Activity: Quote the whole listing verbatim.

Data shown:
= Beginning of Section =

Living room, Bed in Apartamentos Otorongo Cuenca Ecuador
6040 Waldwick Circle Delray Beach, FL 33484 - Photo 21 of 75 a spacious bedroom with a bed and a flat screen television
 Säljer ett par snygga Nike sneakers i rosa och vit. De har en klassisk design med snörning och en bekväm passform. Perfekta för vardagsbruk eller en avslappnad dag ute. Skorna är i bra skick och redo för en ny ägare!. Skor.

= End of Section =

Finished task:
Living room, Bed in Apartamentos Otorongo Cuenca Ecuador
6040 Waldwick Circle Delray Beach, FL 33484 - Photo 21 of 75 a spacious bedroom with a bed and a flat screen television
 Säljer ett par snygga Nike sneakers i rosa och vit. De har en klassisk design med snörning och en bekväm passform. Perfekta för vardagsbruk eller en avslappnad dag ute. Skorna är i bra skick och redo för en ny ägare!. Skor.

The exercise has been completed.